What it is
An LLM gateway is a reverse proxy for model APIs. The operator wires up keys for OpenAI, Anthropic, Google, Mistral, their own Ollama box, and a handful of fine-tunes; the gateway exposes a single OpenAI-compatible endpoint and handles routing, rate-limiting, fallback, observability, and cost accounting. LiteLLM is the Python-native one (most common in research); OneAPI is the Go/Chinese-ecosystem one (most common in commercial deployments). Portkey, Helicone-Proxy, and APISIX-AI sit in the same niche.
What goes wrong
The gateway holds the operator’s entire AI billing relationship.

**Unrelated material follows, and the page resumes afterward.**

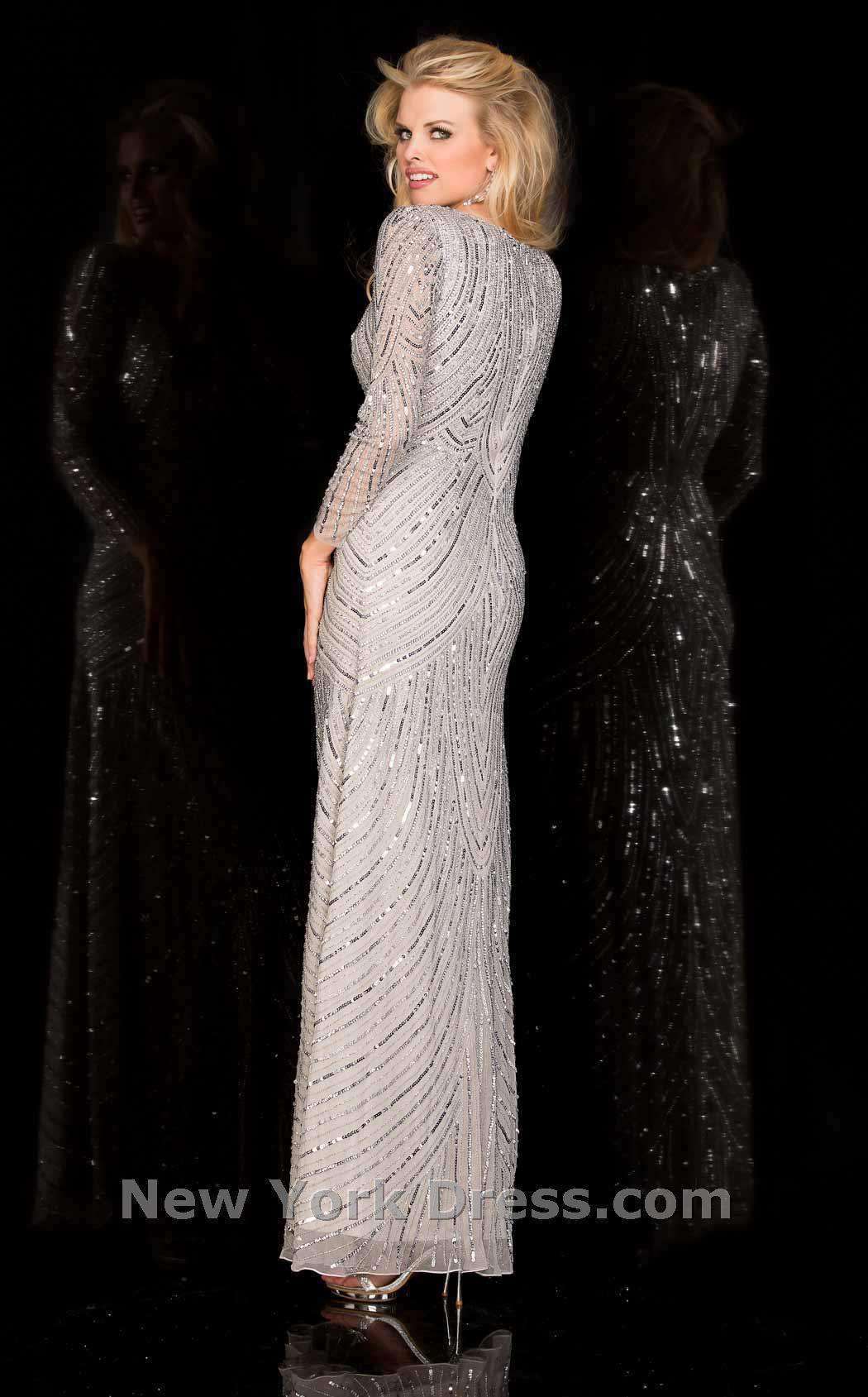 Scala 48312CL Dress - Image 2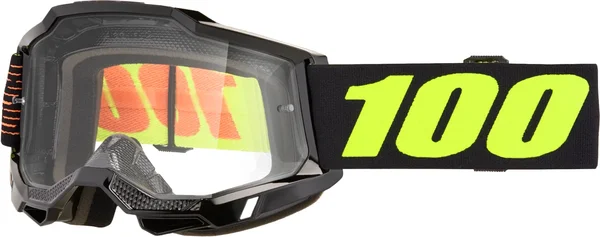 100-PERCENT - 50013-00057 - 2025 Accuri 2 Goggle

If it’s exposed without auth, an attacker can route arbitrary prompts through any of the configured providers: burning the operator’s quota, exfiltrating embedded prompts that may contain customer data, and racking up usage charges on premium models. Worse: the admin panel typically lists every model alias, the keys behind them, and the per-user/per-team budget. The attacker learns the operator’s whole AI org chart before issuing a single request.
How we test
We confirm the gateway by its /v1/models response shape (LiteLLM’s is
distinct from a vanilla OpenAI proxy), then check /health/readiness and
/key/info for admin-key reachability. The key endpoint, when unauthenticated,
returns the operator’s full virtual-key inventory including budget caps and
team assignments. We do not issue paid completions. The catalogue is enough
to demonstrate the quota-drain risk and identify the operator.